Entrée au capital de Néolithe et centre de formation

« L'environnement est un enjeu crucial. Nous sommes une entreprise carbonée pour l'achat de matériaux, la partie industrielle (PVC, ciment) et le volet transports » reconnaît Clément Quéguiner.

« Pour baisser notre empreinte, nous travaillons avec plus de fournisseurs français et européens (Espagne, Italie) sur la partie production. Nous basculons progressivement nos chariots élévateurs, nos véhicules commerciaux à l'électrique, tout en prévoyant de renouveler 10 à 15% de notre flotte de camions » illustre-t-il.

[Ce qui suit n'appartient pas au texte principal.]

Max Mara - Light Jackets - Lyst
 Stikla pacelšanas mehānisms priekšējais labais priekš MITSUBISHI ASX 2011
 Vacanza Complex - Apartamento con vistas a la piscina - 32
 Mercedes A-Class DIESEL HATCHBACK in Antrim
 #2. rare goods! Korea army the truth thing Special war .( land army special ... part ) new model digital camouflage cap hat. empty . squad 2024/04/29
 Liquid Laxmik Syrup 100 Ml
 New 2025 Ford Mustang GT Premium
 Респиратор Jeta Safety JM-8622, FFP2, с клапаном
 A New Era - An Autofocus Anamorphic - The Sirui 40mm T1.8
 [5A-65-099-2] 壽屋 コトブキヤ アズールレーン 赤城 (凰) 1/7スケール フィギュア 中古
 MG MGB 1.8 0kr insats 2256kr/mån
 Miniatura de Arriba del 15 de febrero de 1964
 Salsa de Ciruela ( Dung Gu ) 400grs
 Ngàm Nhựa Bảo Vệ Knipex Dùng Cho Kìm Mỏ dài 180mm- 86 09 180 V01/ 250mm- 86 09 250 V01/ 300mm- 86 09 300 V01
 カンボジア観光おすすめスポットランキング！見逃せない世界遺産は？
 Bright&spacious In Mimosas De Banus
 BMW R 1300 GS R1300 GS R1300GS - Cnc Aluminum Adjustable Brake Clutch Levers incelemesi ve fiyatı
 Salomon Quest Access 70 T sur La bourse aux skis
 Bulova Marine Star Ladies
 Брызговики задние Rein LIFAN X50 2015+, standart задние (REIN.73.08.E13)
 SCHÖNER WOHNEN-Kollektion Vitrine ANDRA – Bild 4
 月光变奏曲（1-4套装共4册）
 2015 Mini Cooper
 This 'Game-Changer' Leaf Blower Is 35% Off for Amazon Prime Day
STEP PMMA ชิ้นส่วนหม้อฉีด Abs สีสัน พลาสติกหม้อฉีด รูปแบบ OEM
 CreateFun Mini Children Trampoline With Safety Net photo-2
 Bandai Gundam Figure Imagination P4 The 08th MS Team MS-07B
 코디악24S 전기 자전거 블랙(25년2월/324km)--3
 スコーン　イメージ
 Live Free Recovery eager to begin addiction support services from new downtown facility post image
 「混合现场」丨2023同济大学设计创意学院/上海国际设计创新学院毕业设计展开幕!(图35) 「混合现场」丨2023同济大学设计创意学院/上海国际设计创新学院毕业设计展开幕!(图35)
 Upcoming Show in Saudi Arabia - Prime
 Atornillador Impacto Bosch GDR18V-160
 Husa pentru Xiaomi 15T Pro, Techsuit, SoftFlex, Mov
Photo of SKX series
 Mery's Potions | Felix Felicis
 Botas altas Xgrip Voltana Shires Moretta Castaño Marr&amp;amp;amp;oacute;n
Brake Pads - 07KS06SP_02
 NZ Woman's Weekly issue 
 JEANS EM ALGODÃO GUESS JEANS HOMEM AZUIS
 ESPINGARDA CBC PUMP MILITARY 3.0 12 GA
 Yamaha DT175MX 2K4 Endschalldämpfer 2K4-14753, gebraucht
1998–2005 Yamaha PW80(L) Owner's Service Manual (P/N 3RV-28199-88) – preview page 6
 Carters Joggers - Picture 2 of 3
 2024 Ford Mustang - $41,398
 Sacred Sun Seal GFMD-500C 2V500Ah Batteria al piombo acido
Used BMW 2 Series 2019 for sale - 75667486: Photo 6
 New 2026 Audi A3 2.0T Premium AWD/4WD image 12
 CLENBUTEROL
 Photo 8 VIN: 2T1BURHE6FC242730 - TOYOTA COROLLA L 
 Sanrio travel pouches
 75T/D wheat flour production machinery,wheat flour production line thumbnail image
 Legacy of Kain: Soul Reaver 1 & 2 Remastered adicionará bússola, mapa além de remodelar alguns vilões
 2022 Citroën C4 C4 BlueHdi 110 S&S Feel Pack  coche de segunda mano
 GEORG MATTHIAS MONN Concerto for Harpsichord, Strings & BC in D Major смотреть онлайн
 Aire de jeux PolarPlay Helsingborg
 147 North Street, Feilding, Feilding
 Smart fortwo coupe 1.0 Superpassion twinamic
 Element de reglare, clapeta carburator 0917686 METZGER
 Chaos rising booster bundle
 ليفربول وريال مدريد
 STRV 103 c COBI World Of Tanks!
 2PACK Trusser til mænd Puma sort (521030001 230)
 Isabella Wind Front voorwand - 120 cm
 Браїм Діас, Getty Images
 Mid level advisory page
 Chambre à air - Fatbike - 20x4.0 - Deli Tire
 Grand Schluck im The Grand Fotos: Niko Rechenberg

L'usine de menuiserie de Landivisiau pourrait pour sa part doubler sa capacité de production en intégrant une activité de volets roulants, jusque-là achetés. 
Le traitement des déchets n'est pas oublié : Quéguiner a investi dans 
la startup angevine Néolithe, dont le procédé de fossilisation accélérée transforme les déchets non-recyclables en granulats minéraux utilisables dans la construction.

Sur le volet RH, l'ETI privilégie les talents bretons via la promotion interne et à travers son centre de formation qui qualifie 45 à 50 personnes par an.

« Qu'elles soient familiales ou managériales, les ETI, par leur taille particulière, possèdent une construction relativement similaire. Elles affichent la même ambition de création de valeur sur leur territoire, par leur capacité à investir, à grandir, à proposer des carrières » assure le jeune patron.

En Bretagne, plusieurs transmissions se sont récemment organisées au sein d'ETI comme Piriou, Verlingue, La belle-iloise ou Lahaye Logistique : autour de projets entre rupture et continuité.